(Beginning of INPUT DATA)
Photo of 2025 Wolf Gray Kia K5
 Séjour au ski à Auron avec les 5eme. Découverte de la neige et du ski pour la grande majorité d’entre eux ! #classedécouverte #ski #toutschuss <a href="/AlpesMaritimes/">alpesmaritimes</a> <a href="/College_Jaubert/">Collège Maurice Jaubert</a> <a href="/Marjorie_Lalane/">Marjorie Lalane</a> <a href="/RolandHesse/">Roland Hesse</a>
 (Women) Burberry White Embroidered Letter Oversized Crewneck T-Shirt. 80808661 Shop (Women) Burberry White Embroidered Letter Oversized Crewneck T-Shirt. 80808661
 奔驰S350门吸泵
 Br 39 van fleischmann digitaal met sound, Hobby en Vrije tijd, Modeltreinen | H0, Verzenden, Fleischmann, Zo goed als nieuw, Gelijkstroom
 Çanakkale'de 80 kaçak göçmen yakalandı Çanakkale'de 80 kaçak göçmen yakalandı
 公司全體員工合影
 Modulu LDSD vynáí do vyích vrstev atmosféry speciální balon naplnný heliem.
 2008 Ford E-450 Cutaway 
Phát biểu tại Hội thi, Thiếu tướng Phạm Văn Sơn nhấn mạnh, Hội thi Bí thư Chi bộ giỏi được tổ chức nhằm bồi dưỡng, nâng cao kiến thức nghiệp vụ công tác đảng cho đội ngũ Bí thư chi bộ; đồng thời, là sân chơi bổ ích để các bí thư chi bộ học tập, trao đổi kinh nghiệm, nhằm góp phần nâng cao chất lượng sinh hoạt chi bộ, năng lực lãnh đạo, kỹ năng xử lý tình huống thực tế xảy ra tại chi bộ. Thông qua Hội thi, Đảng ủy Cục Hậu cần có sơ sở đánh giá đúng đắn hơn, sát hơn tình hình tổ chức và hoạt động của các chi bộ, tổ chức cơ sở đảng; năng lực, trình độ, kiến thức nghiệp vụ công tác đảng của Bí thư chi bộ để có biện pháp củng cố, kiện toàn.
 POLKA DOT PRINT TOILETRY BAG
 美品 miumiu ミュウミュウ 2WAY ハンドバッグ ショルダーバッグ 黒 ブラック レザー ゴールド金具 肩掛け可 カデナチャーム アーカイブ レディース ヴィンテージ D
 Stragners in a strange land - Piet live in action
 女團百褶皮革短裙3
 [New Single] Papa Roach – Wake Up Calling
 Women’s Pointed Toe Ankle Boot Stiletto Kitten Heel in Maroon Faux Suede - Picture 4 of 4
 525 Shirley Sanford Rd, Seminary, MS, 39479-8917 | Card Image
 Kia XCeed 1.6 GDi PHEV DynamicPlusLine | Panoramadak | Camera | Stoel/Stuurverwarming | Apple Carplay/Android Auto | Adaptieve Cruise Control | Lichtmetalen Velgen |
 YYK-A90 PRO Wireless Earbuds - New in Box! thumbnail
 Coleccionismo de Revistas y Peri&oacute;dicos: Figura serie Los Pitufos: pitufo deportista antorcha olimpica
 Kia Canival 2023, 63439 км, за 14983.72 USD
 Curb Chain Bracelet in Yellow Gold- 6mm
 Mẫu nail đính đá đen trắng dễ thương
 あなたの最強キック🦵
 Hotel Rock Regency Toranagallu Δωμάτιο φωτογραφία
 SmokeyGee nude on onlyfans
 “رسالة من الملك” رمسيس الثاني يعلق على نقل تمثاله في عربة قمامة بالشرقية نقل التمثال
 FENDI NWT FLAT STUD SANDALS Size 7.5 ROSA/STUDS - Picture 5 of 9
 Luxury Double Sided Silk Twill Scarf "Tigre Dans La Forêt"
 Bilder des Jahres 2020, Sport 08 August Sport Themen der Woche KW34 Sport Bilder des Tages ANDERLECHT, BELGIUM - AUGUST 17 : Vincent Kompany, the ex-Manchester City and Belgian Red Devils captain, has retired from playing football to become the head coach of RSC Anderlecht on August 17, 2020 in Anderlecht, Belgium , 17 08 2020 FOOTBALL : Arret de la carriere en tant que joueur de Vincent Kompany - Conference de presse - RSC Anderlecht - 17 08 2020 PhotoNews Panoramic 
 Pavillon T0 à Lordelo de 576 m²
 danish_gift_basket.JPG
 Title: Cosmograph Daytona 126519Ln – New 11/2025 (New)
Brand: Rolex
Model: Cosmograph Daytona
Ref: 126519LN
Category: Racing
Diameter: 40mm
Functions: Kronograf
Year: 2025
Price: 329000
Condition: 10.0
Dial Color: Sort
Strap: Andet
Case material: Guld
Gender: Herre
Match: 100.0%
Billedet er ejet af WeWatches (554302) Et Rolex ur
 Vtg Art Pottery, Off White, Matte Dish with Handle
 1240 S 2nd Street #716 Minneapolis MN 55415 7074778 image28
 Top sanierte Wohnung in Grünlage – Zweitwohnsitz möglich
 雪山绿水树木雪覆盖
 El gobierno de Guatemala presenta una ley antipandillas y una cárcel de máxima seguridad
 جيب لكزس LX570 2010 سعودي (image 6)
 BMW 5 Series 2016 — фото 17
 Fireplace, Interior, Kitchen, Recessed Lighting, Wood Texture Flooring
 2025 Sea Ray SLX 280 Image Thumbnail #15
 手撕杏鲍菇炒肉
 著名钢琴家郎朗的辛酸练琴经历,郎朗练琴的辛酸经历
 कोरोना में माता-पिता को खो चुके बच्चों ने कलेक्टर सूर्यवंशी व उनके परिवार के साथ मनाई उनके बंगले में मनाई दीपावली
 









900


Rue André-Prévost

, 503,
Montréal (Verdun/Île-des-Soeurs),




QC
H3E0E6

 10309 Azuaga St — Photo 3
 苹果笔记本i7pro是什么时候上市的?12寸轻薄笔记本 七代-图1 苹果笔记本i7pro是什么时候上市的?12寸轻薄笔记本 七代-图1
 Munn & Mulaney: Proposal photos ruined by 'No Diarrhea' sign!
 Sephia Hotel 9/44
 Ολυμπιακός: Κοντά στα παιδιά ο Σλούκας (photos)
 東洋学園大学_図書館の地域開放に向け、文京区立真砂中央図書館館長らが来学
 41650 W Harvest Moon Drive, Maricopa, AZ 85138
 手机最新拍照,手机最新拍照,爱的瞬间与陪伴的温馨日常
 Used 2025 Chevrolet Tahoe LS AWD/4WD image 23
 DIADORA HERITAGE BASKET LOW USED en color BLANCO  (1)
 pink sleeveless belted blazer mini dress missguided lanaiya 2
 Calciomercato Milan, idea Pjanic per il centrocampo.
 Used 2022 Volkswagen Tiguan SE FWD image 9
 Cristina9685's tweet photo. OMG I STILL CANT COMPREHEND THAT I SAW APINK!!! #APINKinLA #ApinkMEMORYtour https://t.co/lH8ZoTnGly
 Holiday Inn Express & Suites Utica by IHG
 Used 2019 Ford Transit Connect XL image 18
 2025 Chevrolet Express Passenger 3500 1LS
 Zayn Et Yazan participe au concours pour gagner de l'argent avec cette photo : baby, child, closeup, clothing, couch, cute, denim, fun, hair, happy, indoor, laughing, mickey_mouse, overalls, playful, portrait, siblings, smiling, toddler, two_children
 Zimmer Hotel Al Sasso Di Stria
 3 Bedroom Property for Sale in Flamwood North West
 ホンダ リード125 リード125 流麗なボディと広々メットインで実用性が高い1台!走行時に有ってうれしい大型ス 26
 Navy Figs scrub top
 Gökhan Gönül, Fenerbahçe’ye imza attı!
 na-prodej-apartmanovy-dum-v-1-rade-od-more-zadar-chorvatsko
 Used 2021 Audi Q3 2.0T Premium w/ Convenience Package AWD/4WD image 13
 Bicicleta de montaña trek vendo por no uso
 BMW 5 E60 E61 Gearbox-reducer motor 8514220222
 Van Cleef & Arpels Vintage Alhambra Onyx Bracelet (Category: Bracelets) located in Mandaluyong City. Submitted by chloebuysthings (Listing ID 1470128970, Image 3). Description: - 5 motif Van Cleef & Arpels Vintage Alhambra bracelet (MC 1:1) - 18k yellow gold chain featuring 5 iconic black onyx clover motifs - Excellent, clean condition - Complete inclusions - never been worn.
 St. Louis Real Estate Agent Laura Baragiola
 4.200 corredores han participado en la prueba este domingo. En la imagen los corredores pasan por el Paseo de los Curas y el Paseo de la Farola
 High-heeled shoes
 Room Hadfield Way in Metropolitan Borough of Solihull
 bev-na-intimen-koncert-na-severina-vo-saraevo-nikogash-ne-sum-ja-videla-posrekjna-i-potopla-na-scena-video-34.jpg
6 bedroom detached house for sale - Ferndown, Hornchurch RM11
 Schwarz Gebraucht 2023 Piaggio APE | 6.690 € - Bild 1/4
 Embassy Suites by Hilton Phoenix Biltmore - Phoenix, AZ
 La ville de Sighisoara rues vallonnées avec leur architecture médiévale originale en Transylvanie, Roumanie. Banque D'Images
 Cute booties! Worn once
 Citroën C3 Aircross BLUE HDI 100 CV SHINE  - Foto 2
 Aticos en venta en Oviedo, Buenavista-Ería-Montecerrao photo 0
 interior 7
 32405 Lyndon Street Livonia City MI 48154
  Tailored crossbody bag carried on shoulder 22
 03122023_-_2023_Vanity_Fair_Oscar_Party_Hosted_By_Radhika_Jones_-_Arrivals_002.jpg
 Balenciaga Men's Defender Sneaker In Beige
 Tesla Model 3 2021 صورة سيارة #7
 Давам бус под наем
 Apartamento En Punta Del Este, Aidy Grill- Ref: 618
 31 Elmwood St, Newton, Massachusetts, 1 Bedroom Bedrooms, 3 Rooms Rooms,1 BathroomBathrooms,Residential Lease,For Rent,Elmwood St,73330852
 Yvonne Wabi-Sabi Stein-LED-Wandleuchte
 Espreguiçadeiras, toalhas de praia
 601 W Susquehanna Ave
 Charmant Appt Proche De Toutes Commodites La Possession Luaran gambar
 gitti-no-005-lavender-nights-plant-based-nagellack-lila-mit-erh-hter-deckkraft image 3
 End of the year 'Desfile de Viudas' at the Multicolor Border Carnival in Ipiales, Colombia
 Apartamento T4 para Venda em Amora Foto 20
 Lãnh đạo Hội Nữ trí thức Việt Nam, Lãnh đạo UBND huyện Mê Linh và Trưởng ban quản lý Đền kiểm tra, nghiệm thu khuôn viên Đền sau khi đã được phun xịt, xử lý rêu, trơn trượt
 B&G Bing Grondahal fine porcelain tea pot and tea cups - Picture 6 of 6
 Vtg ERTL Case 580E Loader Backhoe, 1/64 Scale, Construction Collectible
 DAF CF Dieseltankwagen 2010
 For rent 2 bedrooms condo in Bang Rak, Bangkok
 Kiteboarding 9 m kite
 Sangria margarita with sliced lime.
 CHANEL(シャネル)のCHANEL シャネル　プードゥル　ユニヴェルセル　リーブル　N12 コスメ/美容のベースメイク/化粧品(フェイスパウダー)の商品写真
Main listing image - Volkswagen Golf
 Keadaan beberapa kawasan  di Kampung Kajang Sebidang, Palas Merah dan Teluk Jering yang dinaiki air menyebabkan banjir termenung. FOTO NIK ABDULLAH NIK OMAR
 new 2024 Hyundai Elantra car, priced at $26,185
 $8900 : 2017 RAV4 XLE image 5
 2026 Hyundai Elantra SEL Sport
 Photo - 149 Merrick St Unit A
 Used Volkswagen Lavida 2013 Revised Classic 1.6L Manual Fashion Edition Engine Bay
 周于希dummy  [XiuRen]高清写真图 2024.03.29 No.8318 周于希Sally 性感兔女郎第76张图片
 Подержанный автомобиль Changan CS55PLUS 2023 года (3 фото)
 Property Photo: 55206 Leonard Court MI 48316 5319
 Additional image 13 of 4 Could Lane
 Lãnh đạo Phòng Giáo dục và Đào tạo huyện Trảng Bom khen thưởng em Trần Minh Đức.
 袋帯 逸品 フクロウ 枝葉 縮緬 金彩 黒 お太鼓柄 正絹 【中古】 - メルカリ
(End of INPUT DATA)
Copy the stretch of the records above that runs from the line with "Citroën C3 Aircross" through the line with "Tailored crossbody bag". Both end lines belong in the copy, and nothing else does.

 Citroën C3 Aircross BLUE HDI 100 CV SHINE  - Foto 2
 Aticos en venta en Oviedo, Buenavista-Ería-Montecerrao photo 0
 interior 7
 32405 Lyndon Street Livonia City MI 48154
  Tailored crossbody bag carried on shoulder 22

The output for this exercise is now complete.